Would you print all of the records below exactly, without skipping any?

• _MATERIAL SUPPLIED_:
^^^^

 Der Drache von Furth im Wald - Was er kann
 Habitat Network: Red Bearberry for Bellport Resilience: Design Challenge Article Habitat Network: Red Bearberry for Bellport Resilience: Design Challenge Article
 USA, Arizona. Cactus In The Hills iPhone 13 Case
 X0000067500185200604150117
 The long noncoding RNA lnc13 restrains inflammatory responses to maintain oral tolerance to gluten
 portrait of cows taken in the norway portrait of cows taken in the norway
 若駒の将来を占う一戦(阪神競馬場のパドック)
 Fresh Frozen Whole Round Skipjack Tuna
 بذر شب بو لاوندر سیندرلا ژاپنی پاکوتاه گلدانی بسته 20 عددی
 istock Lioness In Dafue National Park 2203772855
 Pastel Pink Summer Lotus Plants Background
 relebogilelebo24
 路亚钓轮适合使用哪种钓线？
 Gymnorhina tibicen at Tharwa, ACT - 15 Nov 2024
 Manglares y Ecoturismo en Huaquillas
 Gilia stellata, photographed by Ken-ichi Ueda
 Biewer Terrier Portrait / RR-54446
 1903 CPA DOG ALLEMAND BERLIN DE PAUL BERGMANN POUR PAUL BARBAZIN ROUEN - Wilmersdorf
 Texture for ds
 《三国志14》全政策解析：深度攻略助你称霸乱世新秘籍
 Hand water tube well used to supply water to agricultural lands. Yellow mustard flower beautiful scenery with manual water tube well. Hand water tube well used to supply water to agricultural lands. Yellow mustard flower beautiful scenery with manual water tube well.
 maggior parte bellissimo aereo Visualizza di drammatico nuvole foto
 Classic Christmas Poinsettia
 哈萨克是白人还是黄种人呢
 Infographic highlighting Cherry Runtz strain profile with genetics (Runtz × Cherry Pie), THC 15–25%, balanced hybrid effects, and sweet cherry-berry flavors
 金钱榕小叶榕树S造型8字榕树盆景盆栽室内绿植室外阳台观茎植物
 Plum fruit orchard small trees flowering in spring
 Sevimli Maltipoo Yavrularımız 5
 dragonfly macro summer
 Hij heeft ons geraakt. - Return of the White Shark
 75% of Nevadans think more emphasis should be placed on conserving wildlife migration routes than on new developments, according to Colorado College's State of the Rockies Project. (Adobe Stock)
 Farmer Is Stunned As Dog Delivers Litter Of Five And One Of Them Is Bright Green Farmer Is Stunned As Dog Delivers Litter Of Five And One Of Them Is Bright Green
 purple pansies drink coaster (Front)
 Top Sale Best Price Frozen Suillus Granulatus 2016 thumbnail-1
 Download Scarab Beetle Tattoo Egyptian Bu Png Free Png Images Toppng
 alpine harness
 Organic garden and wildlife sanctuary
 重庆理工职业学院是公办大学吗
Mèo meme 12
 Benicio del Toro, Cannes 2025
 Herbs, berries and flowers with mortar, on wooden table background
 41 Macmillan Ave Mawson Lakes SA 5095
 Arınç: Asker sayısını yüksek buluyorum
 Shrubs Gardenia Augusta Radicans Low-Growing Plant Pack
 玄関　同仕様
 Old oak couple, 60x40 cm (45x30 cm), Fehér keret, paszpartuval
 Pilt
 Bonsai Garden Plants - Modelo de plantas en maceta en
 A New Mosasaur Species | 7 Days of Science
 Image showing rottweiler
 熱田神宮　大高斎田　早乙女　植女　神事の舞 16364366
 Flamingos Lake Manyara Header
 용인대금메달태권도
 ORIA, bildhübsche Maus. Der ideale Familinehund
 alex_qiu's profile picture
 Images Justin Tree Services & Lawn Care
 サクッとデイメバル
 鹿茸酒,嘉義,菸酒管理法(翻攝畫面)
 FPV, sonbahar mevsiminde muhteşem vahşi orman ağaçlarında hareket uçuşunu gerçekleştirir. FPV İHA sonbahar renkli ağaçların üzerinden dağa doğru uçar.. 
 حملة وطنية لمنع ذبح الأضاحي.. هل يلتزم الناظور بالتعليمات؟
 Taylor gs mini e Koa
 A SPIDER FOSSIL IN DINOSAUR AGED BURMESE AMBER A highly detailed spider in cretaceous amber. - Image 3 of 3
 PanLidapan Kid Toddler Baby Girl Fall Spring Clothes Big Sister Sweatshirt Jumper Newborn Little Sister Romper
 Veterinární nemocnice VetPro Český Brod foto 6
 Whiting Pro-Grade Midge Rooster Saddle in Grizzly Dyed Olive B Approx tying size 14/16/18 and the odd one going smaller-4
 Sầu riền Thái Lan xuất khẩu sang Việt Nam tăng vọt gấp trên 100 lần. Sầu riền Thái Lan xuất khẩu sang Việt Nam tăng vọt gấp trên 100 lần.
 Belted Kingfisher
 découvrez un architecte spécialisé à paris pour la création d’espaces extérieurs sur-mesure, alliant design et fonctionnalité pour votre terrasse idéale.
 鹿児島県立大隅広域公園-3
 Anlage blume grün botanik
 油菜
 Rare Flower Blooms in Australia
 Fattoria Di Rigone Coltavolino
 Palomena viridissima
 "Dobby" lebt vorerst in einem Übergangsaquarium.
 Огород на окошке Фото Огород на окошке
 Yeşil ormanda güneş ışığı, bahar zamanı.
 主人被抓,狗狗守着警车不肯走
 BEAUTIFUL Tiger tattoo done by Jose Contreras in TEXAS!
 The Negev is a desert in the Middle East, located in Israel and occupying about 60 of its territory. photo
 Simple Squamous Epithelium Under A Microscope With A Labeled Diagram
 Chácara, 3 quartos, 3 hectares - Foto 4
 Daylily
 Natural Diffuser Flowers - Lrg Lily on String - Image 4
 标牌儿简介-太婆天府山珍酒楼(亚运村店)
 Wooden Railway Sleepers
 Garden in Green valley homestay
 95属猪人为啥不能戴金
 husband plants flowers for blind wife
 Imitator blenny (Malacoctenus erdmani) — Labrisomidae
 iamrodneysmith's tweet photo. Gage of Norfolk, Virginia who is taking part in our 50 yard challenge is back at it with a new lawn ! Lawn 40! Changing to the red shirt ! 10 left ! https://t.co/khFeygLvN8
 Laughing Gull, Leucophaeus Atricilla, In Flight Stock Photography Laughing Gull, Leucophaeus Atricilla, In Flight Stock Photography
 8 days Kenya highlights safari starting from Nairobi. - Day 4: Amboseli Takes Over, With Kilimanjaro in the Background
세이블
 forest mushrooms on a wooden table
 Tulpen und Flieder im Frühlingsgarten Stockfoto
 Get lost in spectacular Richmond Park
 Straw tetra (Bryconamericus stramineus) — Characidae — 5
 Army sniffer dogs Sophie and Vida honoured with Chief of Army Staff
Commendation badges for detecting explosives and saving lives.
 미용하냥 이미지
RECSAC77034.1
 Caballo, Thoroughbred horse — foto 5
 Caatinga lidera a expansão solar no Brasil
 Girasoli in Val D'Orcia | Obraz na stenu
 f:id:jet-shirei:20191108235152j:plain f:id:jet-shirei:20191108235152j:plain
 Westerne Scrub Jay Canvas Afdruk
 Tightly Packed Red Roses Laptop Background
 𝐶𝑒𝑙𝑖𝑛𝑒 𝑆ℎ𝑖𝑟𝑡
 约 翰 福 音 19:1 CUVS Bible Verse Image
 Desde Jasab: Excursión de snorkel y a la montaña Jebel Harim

^^^^

• _RESPONSE_:
 Der Drache von Furth im Wald - Was er kann
 Habitat Network: Red Bearberry for Bellport Resilience: Design Challenge Article Habitat Network: Red Bearberry for Bellport Resilience: Design Challenge Article
 USA, Arizona. Cactus In The Hills iPhone 13 Case
 X0000067500185200604150117
 The long noncoding RNA lnc13 restrains inflammatory responses to maintain oral tolerance to gluten
 portrait of cows taken in the norway portrait of cows taken in the norway
 若駒の将来を占う一戦(阪神競馬場のパドック)
 Fresh Frozen Whole Round Skipjack Tuna
 بذر شب بو لاوندر سیندرلا ژاپنی پاکوتاه گلدانی بسته 20 عددی
 istock Lioness In Dafue National Park 2203772855
 Pastel Pink Summer Lotus Plants Background
 relebogilelebo24
 路亚钓轮适合使用哪种钓线？
 Gymnorhina tibicen at Tharwa, ACT - 15 Nov 2024
 Manglares y Ecoturismo en Huaquillas
 Gilia stellata, photographed by Ken-ichi Ueda
 Biewer Terrier Portrait / RR-54446
 1903 CPA DOG ALLEMAND BERLIN DE PAUL BERGMANN POUR PAUL BARBAZIN ROUEN - Wilmersdorf
 Texture for ds
 《三国志14》全政策解析：深度攻略助你称霸乱世新秘籍
 Hand water tube well used to supply water to agricultural lands. Yellow mustard flower beautiful scenery with manual water tube well. Hand water tube well used to supply water to agricultural lands. Yellow mustard flower beautiful scenery with manual water tube well.
 maggior parte bellissimo aereo Visualizza di drammatico nuvole foto
 Classic Christmas Poinsettia
 哈萨克是白人还是黄种人呢
 Infographic highlighting Cherry Runtz strain profile with genetics (Runtz × Cherry Pie), THC 15–25%, balanced hybrid effects, and sweet cherry-berry flavors
 金钱榕小叶榕树S造型8字榕树盆景盆栽室内绿植室外阳台观茎植物
 Plum fruit orchard small trees flowering in spring
 Sevimli Maltipoo Yavrularımız 5
 dragonfly macro summer
 Hij heeft ons geraakt. - Return of the White Shark
 75% of Nevadans think more emphasis should be placed on conserving wildlife migration routes than on new developments, according to Colorado College's State of the Rockies Project. (Adobe Stock)
 Farmer Is Stunned As Dog Delivers Litter Of Five And One Of Them Is Bright Green Farmer Is Stunned As Dog Delivers Litter Of Five And One Of Them Is Bright Green
 purple pansies drink coaster (Front)
 Top Sale Best Price Frozen Suillus Granulatus 2016 thumbnail-1
 Download Scarab Beetle Tattoo Egyptian Bu Png Free Png Images Toppng
 alpine harness
 Organic garden and wildlife sanctuary
 重庆理工职业学院是公办大学吗
Mèo meme 12
 Benicio del Toro, Cannes 2025
 Herbs, berries and flowers with mortar, on wooden table background
 41 Macmillan Ave Mawson Lakes SA 5095
 Arınç: Asker sayısını yüksek buluyorum
 Shrubs Gardenia Augusta Radicans Low-Growing Plant Pack
 玄関　同仕様
 Old oak couple, 60x40 cm (45x30 cm), Fehér keret, paszpartuval
 Pilt
 Bonsai Garden Plants - Modelo de plantas en maceta en
 A New Mosasaur Species | 7 Days of Science
 Image showing rottweiler
 熱田神宮　大高斎田　早乙女　植女　神事の舞 16364366
 Flamingos Lake Manyara Header
 용인대금메달태권도
 ORIA, bildhübsche Maus. Der ideale Familinehund
 alex_qiu's profile picture
 Images Justin Tree Services & Lawn Care
 サクッとデイメバル
 鹿茸酒,嘉義,菸酒管理法(翻攝畫面)
 FPV, sonbahar mevsiminde muhteşem vahşi orman ağaçlarında hareket uçuşunu gerçekleştirir. FPV İHA sonbahar renkli ağaçların üzerinden dağa doğru uçar.. 
 حملة وطنية لمنع ذبح الأضاحي.. هل يلتزم الناظور بالتعليمات؟
 Taylor gs mini e Koa
 A SPIDER FOSSIL IN DINOSAUR AGED BURMESE AMBER A highly detailed spider in cretaceous amber. - Image 3 of 3
 PanLidapan Kid Toddler Baby Girl Fall Spring Clothes Big Sister Sweatshirt Jumper Newborn Little Sister Romper
 Veterinární nemocnice VetPro Český Brod foto 6
 Whiting Pro-Grade Midge Rooster Saddle in Grizzly Dyed Olive B Approx tying size 14/16/18 and the odd one going smaller-4
 Sầu riền Thái Lan xuất khẩu sang Việt Nam tăng vọt gấp trên 100 lần. Sầu riền Thái Lan xuất khẩu sang Việt Nam tăng vọt gấp trên 100 lần.
 Belted Kingfisher
 découvrez un architecte spécialisé à paris pour la création d’espaces extérieurs sur-mesure, alliant design et fonctionnalité pour votre terrasse idéale.
 鹿児島県立大隅広域公園-3
 Anlage blume grün botanik
 油菜
 Rare Flower Blooms in Australia
 Fattoria Di Rigone Coltavolino
 Palomena viridissima
 "Dobby" lebt vorerst in einem Übergangsaquarium.
 Огород на окошке Фото Огород на окошке
 Yeşil ormanda güneş ışığı, bahar zamanı.
 主人被抓,狗狗守着警车不肯走
 BEAUTIFUL Tiger tattoo done by Jose Contreras in TEXAS!
 The Negev is a desert in the Middle East, located in Israel and occupying about 60 of its territory. photo
 Simple Squamous Epithelium Under A Microscope With A Labeled Diagram
 Chácara, 3 quartos, 3 hectares - Foto 4
 Daylily
 Natural Diffuser Flowers - Lrg Lily on String - Image 4
 标牌儿简介-太婆天府山珍酒楼(亚运村店)
 Wooden Railway Sleepers
 Garden in Green valley homestay
 95属猪人为啥不能戴金
 husband plants flowers for blind wife
 Imitator blenny (Malacoctenus erdmani) — Labrisomidae
 iamrodneysmith's tweet photo. Gage of Norfolk, Virginia who is taking part in our 50 yard challenge is back at it with a new lawn ! Lawn 40! Changing to the red shirt ! 10 left ! https://t.co/khFeygLvN8
 Laughing Gull, Leucophaeus Atricilla, In Flight Stock Photography Laughing Gull, Leucophaeus Atricilla, In Flight Stock Photography
 8 days Kenya highlights safari starting from Nairobi. - Day 4: Amboseli Takes Over, With Kilimanjaro in the Background
세이블
 forest mushrooms on a wooden table
 Tulpen und Flieder im Frühlingsgarten Stockfoto
 Get lost in spectacular Richmond Park
 Straw tetra (Bryconamericus stramineus) — Characidae — 5
 Army sniffer dogs Sophie and Vida honoured with Chief of Army Staff
Commendation badges for detecting explosives and saving lives.
 미용하냥 이미지
RECSAC77034.1
 Caballo, Thoroughbred horse — foto 5
 Caatinga lidera a expansão solar no Brasil
 Girasoli in Val D'Orcia | Obraz na stenu
 f:id:jet-shirei:20191108235152j:plain f:id:jet-shirei:20191108235152j:plain
 Westerne Scrub Jay Canvas Afdruk
 Tightly Packed Red Roses Laptop Background
 𝐶𝑒𝑙𝑖𝑛𝑒 𝑆ℎ𝑖𝑟𝑡
 约 翰 福 音 19:1 CUVS Bible Verse Image
 Desde Jasab: Excursión de snorkel y a la montaña Jebel Harim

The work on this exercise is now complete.